No doubt, when the compiler doesn't extend the range of the arguments
> > From
> > the mathematical viewpoint +(+1) and -(-1) is perfectly equivalent, as
> > is +(-1) and -(+1).
> Computationally, this is not equivalent.
> +(-1) -> add eax, $ffffffff
> -(+1) -> sub eax, $00000001
> And at this point, even if we know the content of eax before the
> operation, we cannot know if there is or not an overflow without
> knowing the type of the integer contained in eax.
Since the hardware cannot know whether $ffffffff is a huge unsigned
number, or a small signed number, a possibly thrown or indicated
overflow from above instructions is meaningless. This is why a proper
and unoptimized implementation must extend values of different
signedness to the next bigger type, so that the calculation cannot
produce an overflow.
When you consult Wirth and the design of Pascal and his following
languages, you'll find out that unsigned data types always are subranges
of bigger signed data types. This is why we cannot have an proper UInt64
type without an proper Int128 type, unless one wants to break all sane
> Moreover, when programming, mathematical considerations have to
> be handled with care. Mathematically, (x = -x) -> (x = 0).
> Computationally, this is wrong (because the computer doesn't work
> over the ring Z but over a ring Z/2^kZ). If x is a Longint and
> if x = -x, either x = 0 or x = -2^31.
Bad example. In 2's complement both 0 and -2^31 have no counterpart of
the opposite sign, whereas in 2-1 complement (sorry, don't know the
English term) the negative values are represented by the bitwise
complement of the positive values. When there exists no representation
of -(-2^31), you cannot perform an comparison with that value.
> Try this
> x : Longint;
> x := Longint($80000000); // x := -2^31
> x := -x;
> (And this is not a bug. This is a consequence of the 2-complement
> representation of signed integers.)
It is a bug. As outlined before, the above assignment of x:=-x should
raise an range check error. A comparison of x=-x will return False, in
the Int64 range.
The expression Longint($80000000) is questionable because, in the strict
sense, it forces the compiler to perform an illegal operation, which
only happens to produce an in-range value on specific machines.

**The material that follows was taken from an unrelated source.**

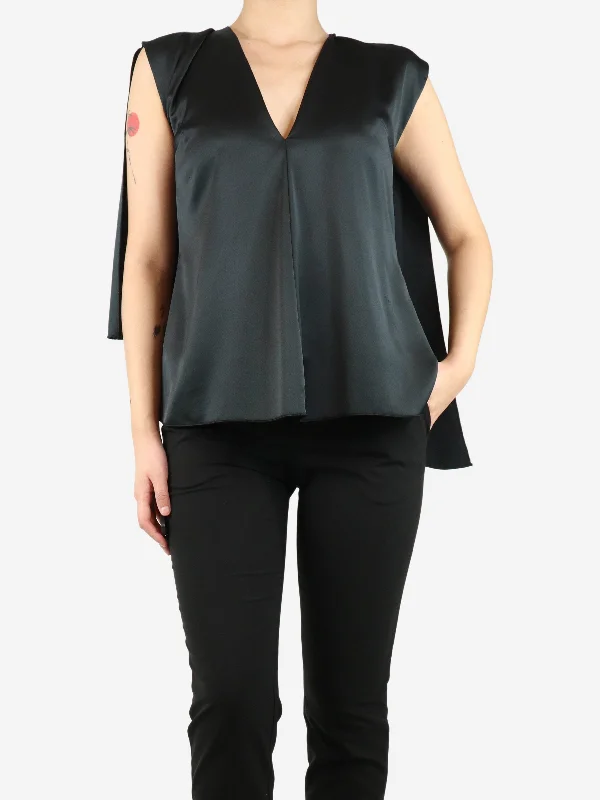 Black sleeveless satin blouse - size UK 8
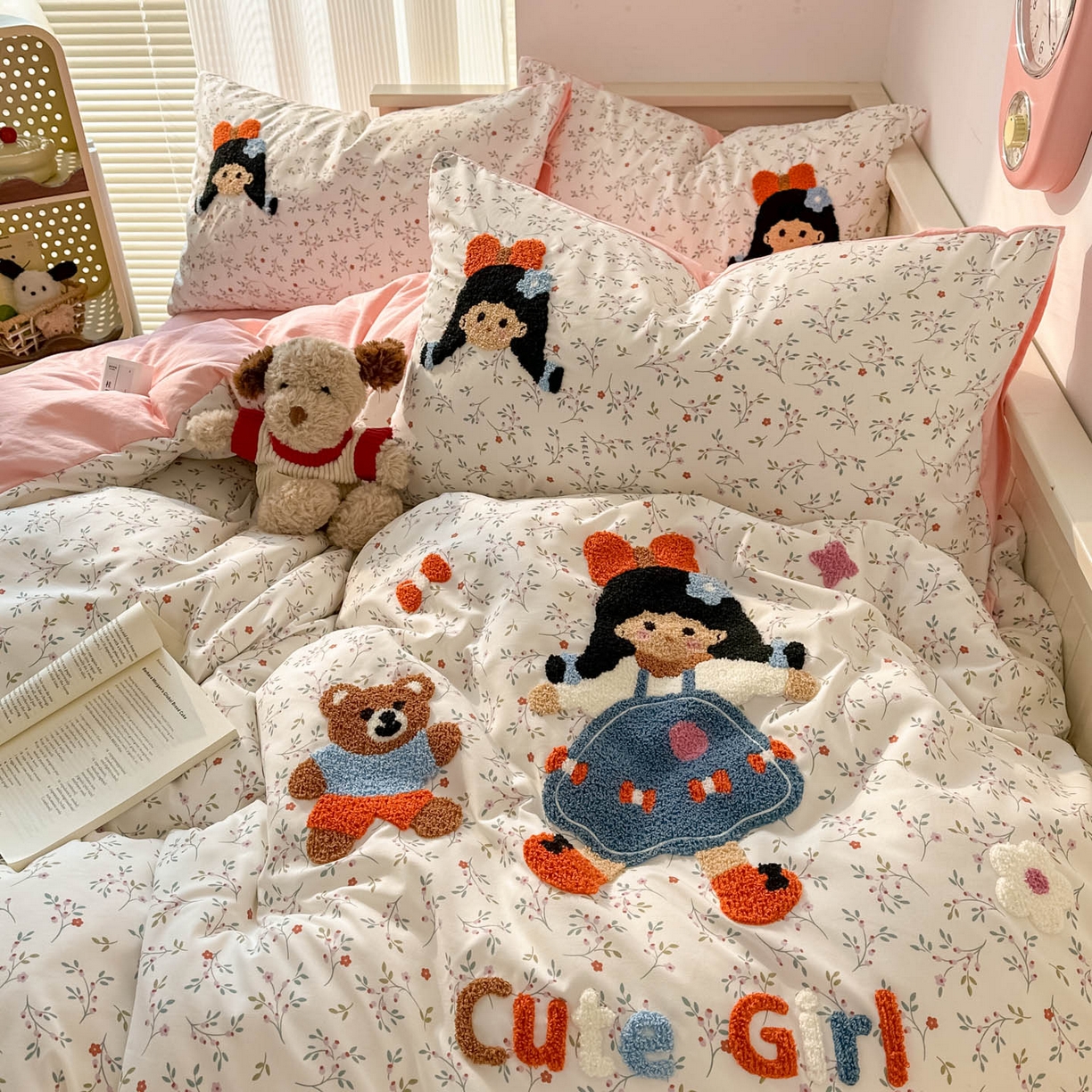 91家纺网 家纺一手货源 找家纺 易辰美 2026春夏新款超柔水洗棉四件套 小女孩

I know that unsigned values frequrently are not appropriately handled by
many compilers, for *performance* reasons. I also know that many
external routines use unsigned values in an inappropriate way, only
because it's easier to define an "unsigned int" instead of an proper
subrange, and because many languages do not support subrange types at
all. I agree that we must live with such weird declarations, but there
exists no need, besides performance, for handling such datatypes in an
inappropriate way. When you rethink all your arguments and examples,
based on an compiler that maps unsigned data types into subranges of the
next higher signed type, you'll find out that all problems go away.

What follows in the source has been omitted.